El libro tributo a Garciasol se presenta al fin en Guadalajara

La Diputación organiza una cita con el autor, Paco Lozano Gamo, cronista de Humanes, localidad de la que era natural Miguel Alonso Calvo. • Es el primer acto que se organiza en la capital por el centenario del nacimiento del poeta, que se cumplió el año pasado.  ‘El regreso para siempre de Miguel Alonso Calvo a su tierra y ríos’ recopila anécdotas personales, recortes de prensa y fotografías en torno al vínculo entre el escritor y su tierra.


Guadalajara acogerá al fin la presentación del libro ‘El regreso para siempre de Miguel Alonso Calvo a su tierra y ríos’, el libro de homenaje que el cronista oficial de Humanes, Paco Lozano Gamo, publicó el año pasado con motivo del centenario del nacimiento del poeta que firmaba su obra con el pseudónimo de Ramón de Garciasol.

Tras las presentaciones del 29 de septiembre en Humanes y del 13 de mayo en la Casa de Guadalajara en Madrid, el libro será presentado ahora en Guadalajara en un acto que va a reunir a la Diputación Provincial y al Ayuntamiento de Humanes, en calidad de patrocinadores y coeditores del libro biográfico, en una cita prevista para la tarde del martes 17 de junio (a las 20:00 horas) en la sala multiusos del centro San José.

El libro fue creado con motivo del centenario del nacimiento del poeta humánense  y su autor biográfico es el cronista oficial de la localidad, Paco Lozano Gamo,  amigo y cómplice además del verdadero regreso para siempre del poeta Ramón de Garciasol, tras más de cincuenta años de exilio voluntario a las tierras campiñeras y henariegas que le vieron nacer y crecer.

Como ocurriera en las citas en Madrid y en Humanes, también en el San José se podrá ver la exposición fotográfica que acompaña a la presentación del libro.
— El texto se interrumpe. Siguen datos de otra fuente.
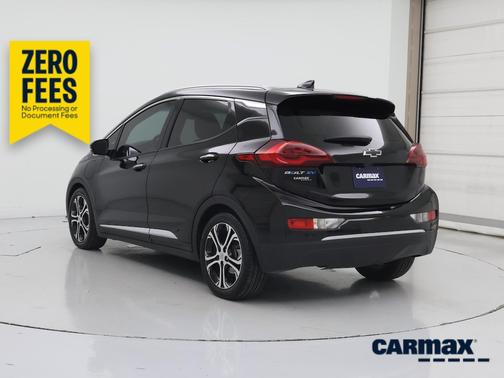 Black 2021 Chevrolet Bolt EV Premier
La muestra se podrá contemplar durante dicha presentación, con las instantáneas más significativas de los últimos viajes, homenajes y otros eventos culturales en reconocimiento a la labor de este literato castellano del último siglo, así como la lectura de algunos de sus poemas.

Un escritor de primer orden

“Por tanto, estamos, ante una figura humana y literaria de enormes dimensiones que, a buen seguro, las generaciones venideras habrán de descubrir a través de sus más de cuarenta publicaciones y ahora este pequeño libro biográfico que se presentara”, asegura su autor, Paco Lozano Gamo, que recuerda que entre los galardones recibidos por su obra destacan el Premio Pedro Henríquez Ureña de la Asociación Cultural Iberoamericana (1961); el Premio Fastenrath de la Real Academia Española de la Lengua; el Premio de la Asociación Café Marfil de Elche, y el Premio Rodrigo Caro de Poesía, convocado por el Colegio de Abogados de Madrid, la Medalla de Plata de la Universidad de Turín (1990), y la Medalla de Oro de Castilla-La Mancha. Estas son algunas de las razones que justifican hoy la celebración del centenario de su nacimiento.

El libro está impreso en color, tamaño folio y con más de un centenar de páginas bien elaboradas. En la obra, de carácter recopilatorio, Lozano Gamo ha tenido muy en cuenta comenzar el repaso de la vida del escritor con las partidas de nacimiento y de bautismo del niño Miguel Alonso Calvo, para que no haya equivocaciones de sus orígenes. Seguidamente incluye parte de innumerables fotografías, que hablan por sí solas, en referencia a los pasajes de su niñez y juventud en Humanes y Guadalajara. Además, se han sumado aquellos reportajes periodísticos que en los últimos años de su vida se publicaron en los diferentes medios escritos de la provincia, sobre todo los que remiten “a cuantos merecidos agasajos le otorgaron la ciudad de Guadalajara, el grupo de música Folk ‘Rio de Piedras’, que llego a  música sus poemas el día en que fue nombrado hijo adoptivo de la ciudad alcarreña y otros muchos premios recibidos”.

En otro capítulo se recuerdan los últimos viajes de retorno que el poeta Ramón de Garciasol llevó a cabo a su tierra junto a su paisano y ahora autor del libro, hasta el mismo día en que, tras fallecer, “volvió trasformado en cenizas-versadas y se vertieron su polvorienta sangre-seca, como era su deseo al tan amado y recordado río Sorbe”.